Don't include pictures. Quote the lines below from the first through the line that contains "Open kitchen with".

*Source data*
*** Begin section ***

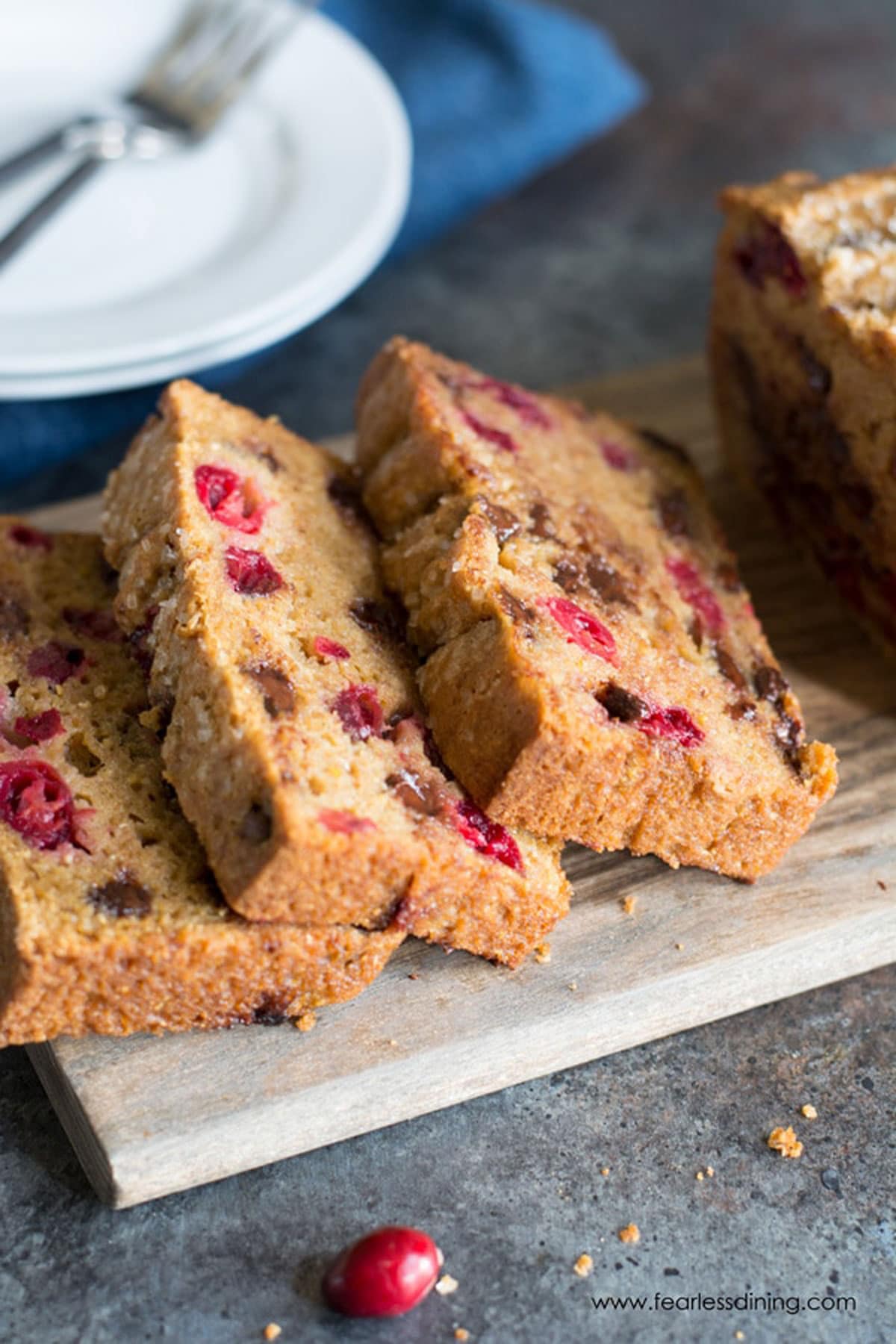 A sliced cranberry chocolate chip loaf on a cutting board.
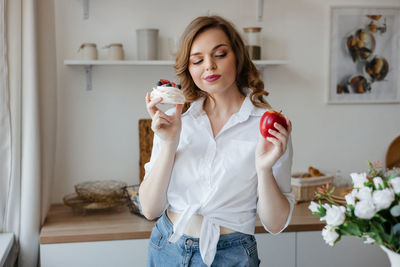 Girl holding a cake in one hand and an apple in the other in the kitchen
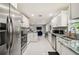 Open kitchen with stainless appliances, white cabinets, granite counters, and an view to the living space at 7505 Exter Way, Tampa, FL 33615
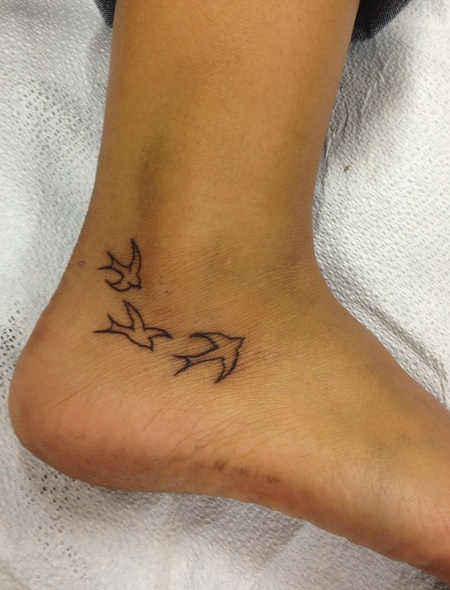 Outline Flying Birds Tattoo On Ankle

*** End section ***

*Result*
 A sliced cranberry chocolate chip loaf on a cutting board.
 Girl holding a cake in one hand and an apple in the other in the kitchen
 Open kitchen with stainless appliances, white cabinets, granite counters, and an view to the living space at 7505 Exter Way, Tampa, FL 33615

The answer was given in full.